A tremendous amount of attention has been focused on alternative fuels. However, little attention has been paid to lubricating oils for use with alternative fuels, and each alternative fuel prefers oils with slightly different compositions.
In general, the heavier and more complex a fuel is, the more that is required of its lubricating oil. Diesel, the heaviest fuel, requires oils with approximately twice the performance additives in their lubricating oils as do gasoline engine oils.
Most alternative fuels aren’t extremely complex, so their lubricating oil requirements aren’t overly restrictive. Still, their individual needs must be addressed by the oil industry. Lubricating oil requirements for several alternative fuels are discussed below.
First, biodiesel. Biodiesel is required to be blended into ultra-low sulfur diesel (ULSD) fuel in many states. Biodiesel made from soy beans or reclaimed cooking oils can be an excellent alternative fuel because the fuel economy (and horsepower) deficits associated with using these fuels are the lowest of any of the drop in alternative fuels currently on the market.
Biodiesel has two properties that demand attention. Plant-based biodiesel fuels have inherently less oxidative stability than ultra-low sulfur diesel fuel. That means lubricating oils for use with biodiesel fuels need to contain additional oxidation inhibitors in the oil to slow down the rate of oil oxidation. Fortunately, new API CK-4 and FA-4 spec oils were designed and formulated with additional oxidative stability to prevent engine (primarily piston) deposit buildup when using ultra-low sulfur diesel (ULSD) fuel.
However, biodiesel fuels have another characteristic that the newer engines and oils don’t address: Biodiesel is generally a heavier fuel than ULSD. That means that if one experiences fuel dilution, biodiesel in the crankcase won’t evaporate as easily as the light ends of diesel fuel. If one tries to run extended oil change intervals when using biodiesel fuel, the oil sump could contain less and less diesel engine oil and more and more biodiesel fuel as mileage increases. Biodiesel fuel does not have the lubricating properties required to protect modern diesel engines. So don’t run extended oil changes in your diesel engines without frequent used oil analysis.

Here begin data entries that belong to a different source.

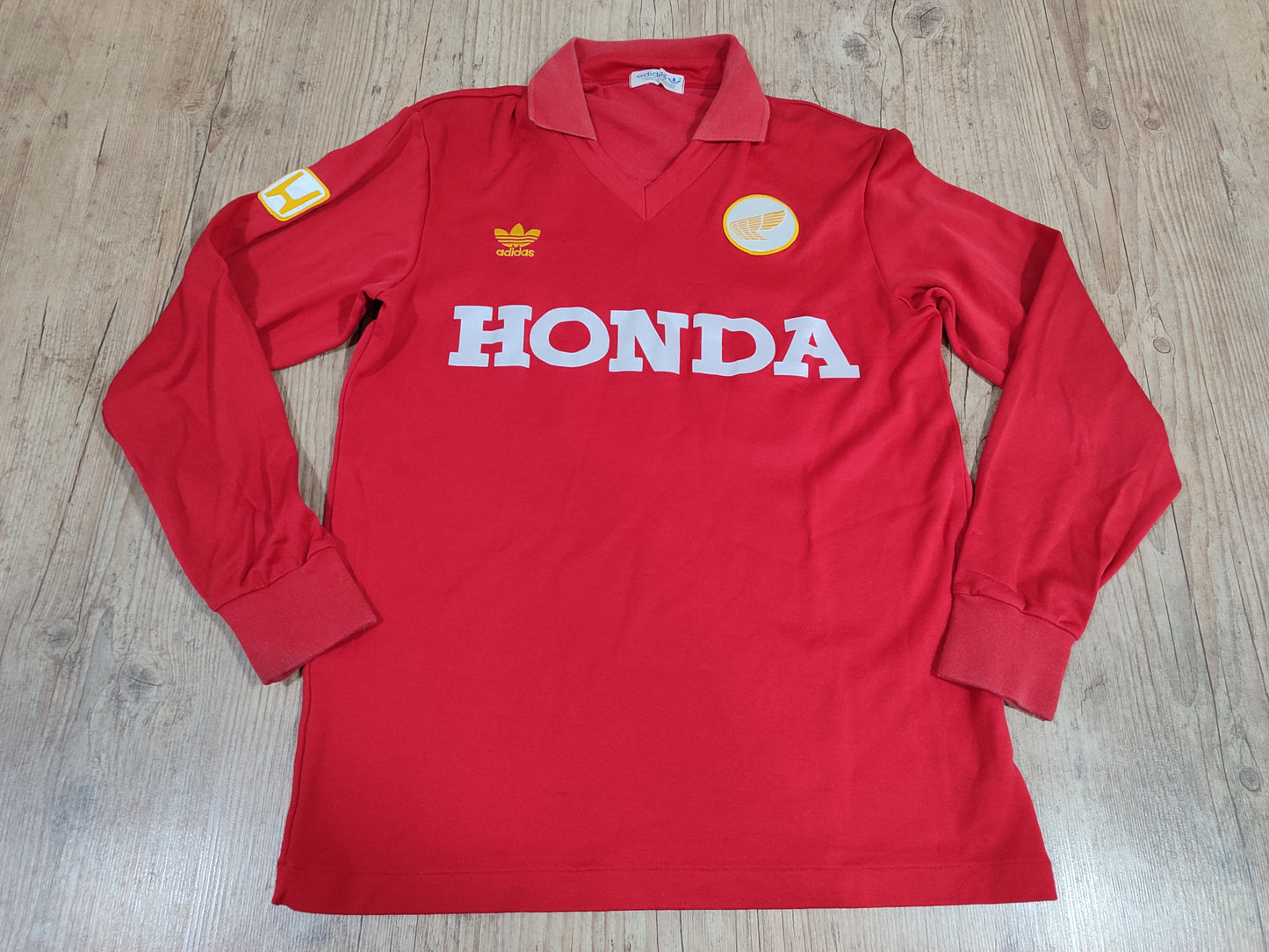 Raríssima Camisa Do Honda FC - Japão - 1991/1992 - De Jogo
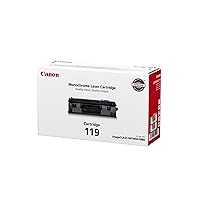 Canon Genuine Toner, Cartridge 119 Black (3479B001), 1 Pack imageCLASS MF5800 /5900/6100 Series, MF410 Series, LBP6300 / 6600 Series, LBP250 Series Laser Printer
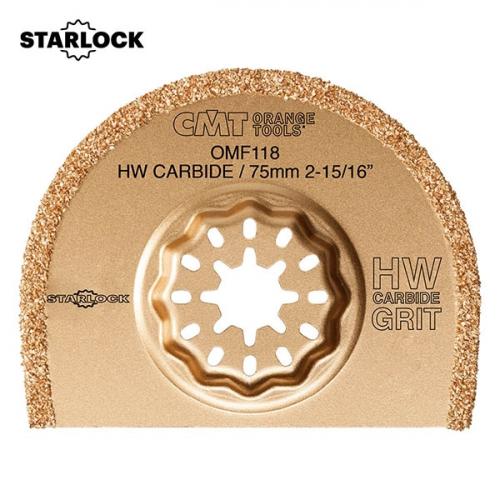 CMT - 75mm Carbide Grit Radial Saw Blade 2,2mm - Starlock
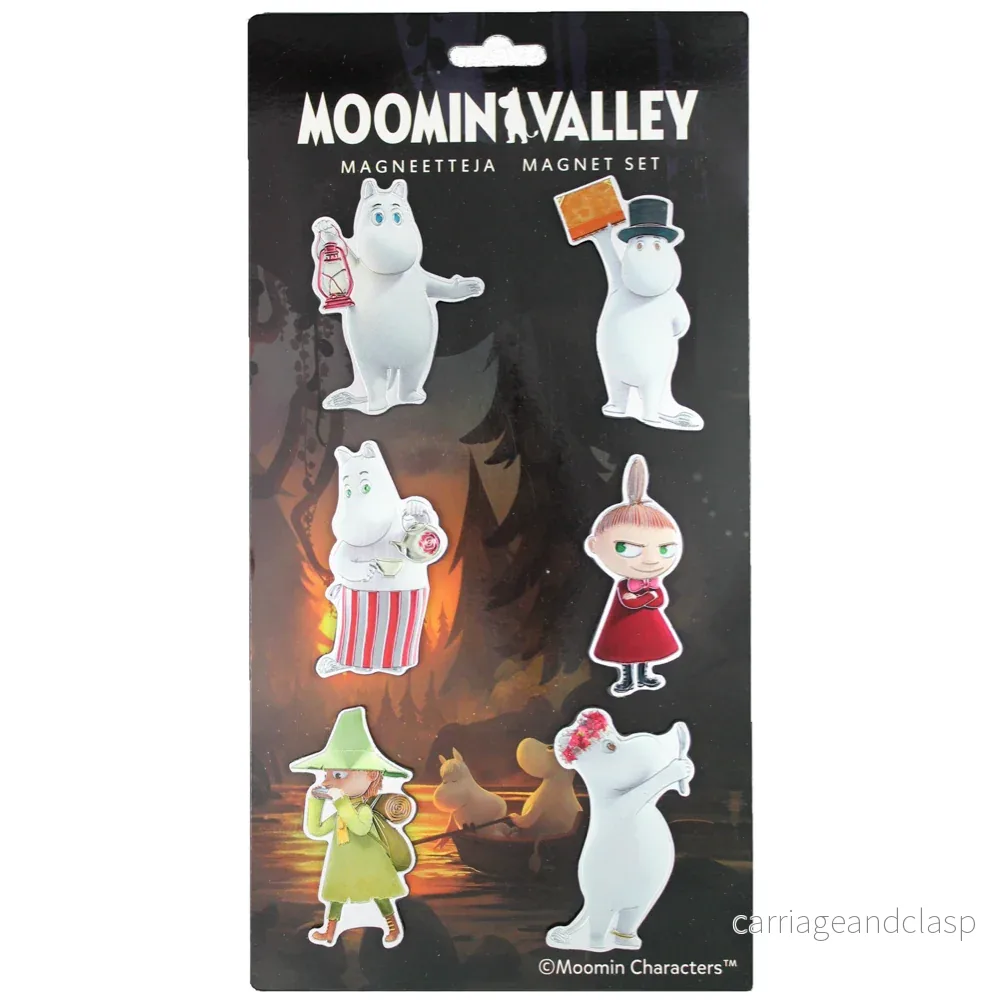 MOOMIN – Mumin Magneter 6-Pack MOOMIN – Mumin Magneter 6-Pack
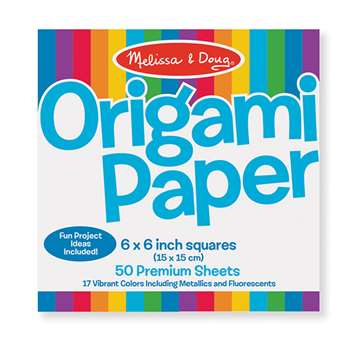 Origami Paper 6 X 6 By Melissa & Doug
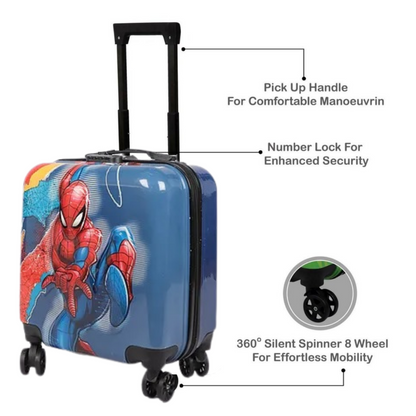 Spider Swinger Trolley Bag/Suitcase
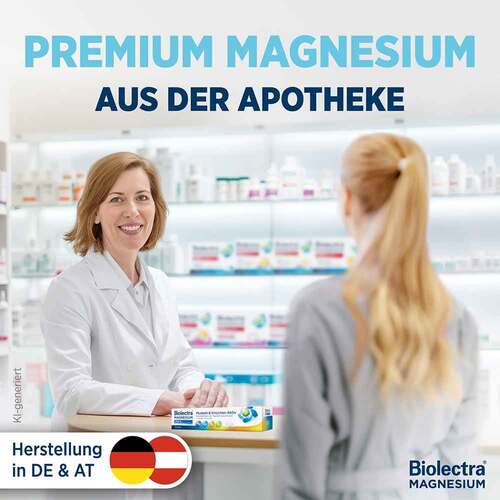 Biolectra Magnesium 250 mg Muskeln & Knochen Aktiv Kautabletten - 3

Ethanol, and any other alcohol, has a property that puts tremendous stress on lube oils. All alcohols have an affinity for water. That simply means they will absorb water from any possible source including condensation. Water plus acidic by-products of combustion equals sulfuric acid (H2SO4) and other bad actors. Acids will attack any unprotected metals and marginal seals in the fuel system. Older engines have a lot of problems caused by corrosion when utilizing ethanol fuels.
Modern gasoline engine oils (API SN) are designed to perform properly with ethanol, but higher concentrations can still cause corrosion in older engines (pre-2011) because some components aren’t corrosion resistant. Problems are most prevalent when equipment is stored for longer periods of time allowing sufficient time for corrosion to develop on critical engine components.
If your gasoline engine will be stored for any length of time, either store it with a fuel which doesn’t contain ethanol, add a fuel system stabilizer or use an engine oil that contains vapor phase rust inhibitors such as hot rod oils to prevent corrosion. Another method is to purge the engine’s fuel system prior to storage.
The various gaseous fuels in the marketplace (CNG, LNG, propane) place the least stress on lubricating oils because they are so clean. Gaseous fuels generally require very little detergent and dispersant compared to gasoline and diesel oils. However, gaseous fuels do place additional stress on lube oils due to their relatively high combustion temperatures. Fortunately, API SN oils for gasoline and CK-4 and FA-4 oils for diesel incorporate additional oxidation inhibitors, so one can use these oils without any problems.